Thread: Query kills machine.

Query kills machine.

From
Stef
Date:
Hi all,

I've attached all the query in query.sql

I'm using postgres 7.3.4 on Linux version 2.4.26-custom
( /proc/sys/vm/overcommit_memory  = 0  this time )

free :
             total       used       free     shared    buffers     cached
Mem:       1810212    1767384      42828          0       5604    1663908
-/+ buffers/cache:      97872    1712340
Swap:       505912     131304     374608

After I rebuilt the database, the query was fast (28255.12 msec).
After one night's insertion into the tables that the query select from,
the query all of a sudden uses up all resources , and the kernel
starts swapping, and I haven't seen the query actually finish when
this happens. I did vacuum analyze AND reindex, but that doesn't
help.

I attached the explain analyze of the query before this happens, and
the explain plan from when it actually happens that the query doesn't finish.

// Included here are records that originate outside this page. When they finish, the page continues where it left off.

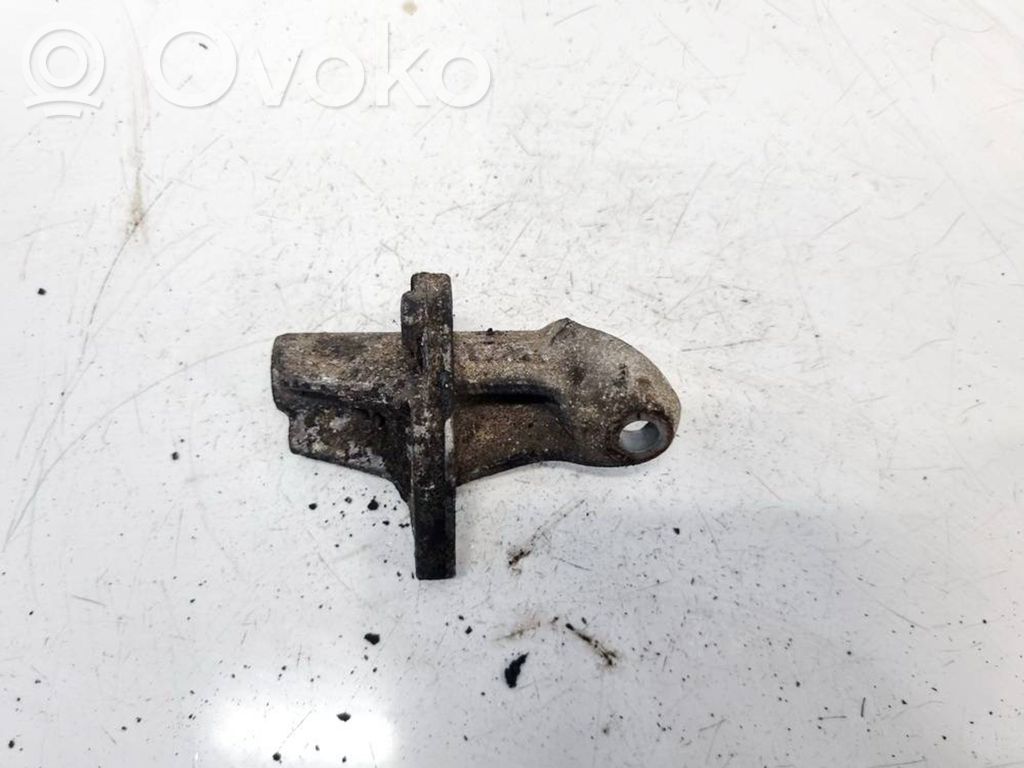 Audi A6 S6 C5 4B Engine mounting bracket 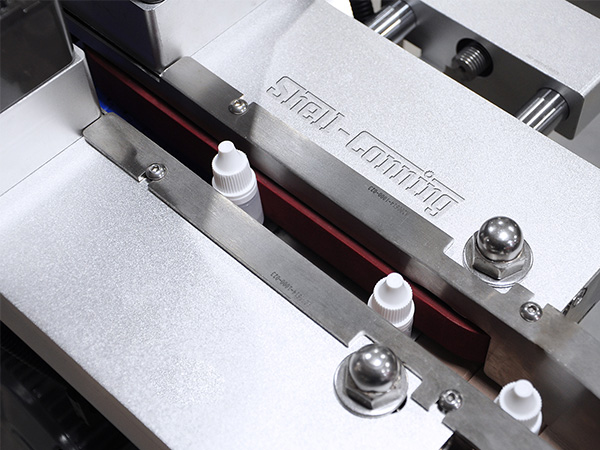 S311立式錕輪圓瓶貼標輸送係（xì）統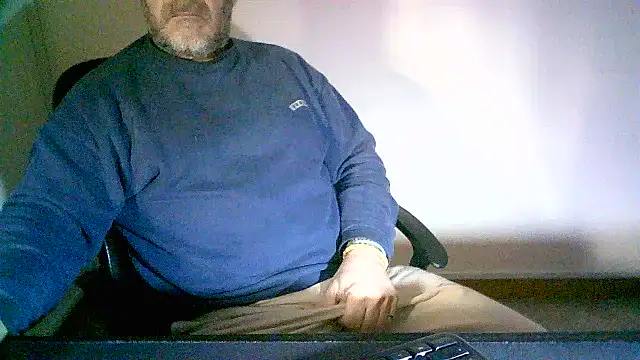 Snapshot of Greek_Passion chatting on March 8, 2026, 7:12 am Greek Passion online show from March 8, 2026, 7:12 am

The one noticeable difference, was that before, it used merge joins, and
after, it used hash joins.

When the query was slow, I tried to : set enable_hashjoin to off
for this query, and the query finished relatively fast again (316245.16 msec)

I attached the output of that explain analyze as well, as well as the postgres
settings.

Can anyone shed some light on what's happening here. I can't figure it out.

Kind Regards
Stefan

Attachment

Re: Query kills machine.

From
Christopher Kings-Lynne
Date:
For starters,


> ------------------------------------------------------------------------
>
> shared_buffers = 110592
> wal_buffers = 400
> sort_mem = 30720
> vacuum_mem = 10240
> checkpoint_segments = 30
> commit_delay = 5000
> commit_siblings = 100
> effective_cache_size = 201413

Try more like this:

shared_buffers = 30000
wal_buffers = <default>
sort_mem = 4096
vacuum_mem = 10240
checkpoint_segments = 30
commit_delay = <default>
commit_siblings = <default>
effective_cache_size = 100000

Chris


Re: Query kills machine.

From
Stef
Date:
Christopher Kings-Lynne mentioned :
=> sort_mem = 4096

Reducing sort_mem to 4096 seems to make it run in a reasonable time
again. Any idea why? The database does a whole lot of huge sorts
every day, so I thought upping this parameter would help.

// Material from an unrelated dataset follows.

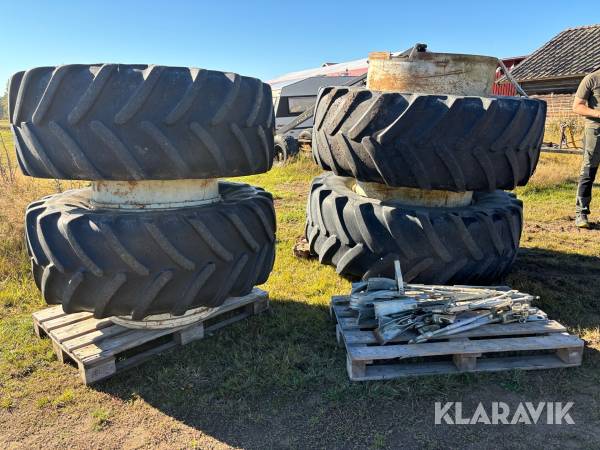 Dubbelmontage Michelin 540/65 R 28 X M 108 650/65 R 38 X M 108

A couple of queries do seem to run slower now that I reduced
the sort_mem.

The shared buffers still makes a significant difference when I increase it.

Kind Regards
Stefan


Re: Query kills machine.

From
"Magnus Naeslund(pg)"
Date:
Stef wrote:

 > Christopher Kings-Lynne mentioned :
 > => sort_mem = 4096
 >
 > Reducing sort_mem to 4096 seems to make it run in a reasonable time
 > again. Any idea why? The database does a whole lot of huge sorts
 > every day, so I thought upping this parameter would help.
 >
 > A couple of queries do seem to run slower now that I reduced
 > the sort_mem.
 > The shared buffers still makes a significant difference when I
increase it.
 >

Well you have to take in account that sort_mem is not the total memory
allocated for sorting but per connection and in complex expressions
serveral times that too.

So if you sort a lot it can push your operating system off the cliff and
it might start reaping things that shouldn't be reaped and start swapping.

If that happens _everything_ on that box will get slow...

Shared buffers on the other hand is only allocated once.

Regards,
Magnus


Re: Query kills machine.

From
Tom Lane
Date:
Stef <svb@ucs.co.za> writes:
> Reducing sort_mem to 4096 seems to make it run in a reasonable time
> again. Any idea why? The database does a whole lot of huge sorts
> every day, so I thought upping this parameter would help.

Not if you haven't got the RAM to support it :-(

Another thing you might look at is ANALYZEing the tables again after
you've loaded all the new data.  The row-count estimates seem way off
in these plans.  You might need to increase the statistics target,
too, to get better plans.

            regards, tom lane

Re: Query kills machine.

From
"Magnus Naeslund(t)"
Date:
Stef wrote:

> Christopher Kings-Lynne mentioned :
> => sort_mem = 4096
>
> Reducing sort_mem to 4096 seems to make it run in a reasonable time
> again. Any idea why? The database does a whole lot of huge sorts
> every day, so I thought upping this parameter would help.
>
> A couple of queries do seem to run slower now that I reduced
> the sort_mem.
>
> The shared buffers still makes a significant difference when I increase it.
>

Well you have to take in account that sort_mem is not the total memory
allocated for sorting but per connection and in complex expressions
serveral times that too.

So if you sort a lot it can push your operating system off the cliff and
it might start reaping things that shouldn't be reaped and start swapping.

If that happens _everything_ on that box will get slow...

Shared buffers on the other hand is only allocated once.

Regards,
Magnus

Re: Query kills machine.

From
Stef
Date:
Tom Lane mentioned :
=> Not if you haven't got the RAM to support it :-(
=>
=> Another thing you might look at is ANALYZEing the tables again after
=> you've loaded all the new data.  The row-count estimates seem way off
=> in these plans.  You might need to increase the statistics target,
=> too, to get better plans.

Thanks Tom, Christopher and Magnus!

I tested this, and found the correct sort_mem setting for my situation.
I'm testing a new default_statistics_target setting.
This is something I never considered.

Kind Regards
Stefan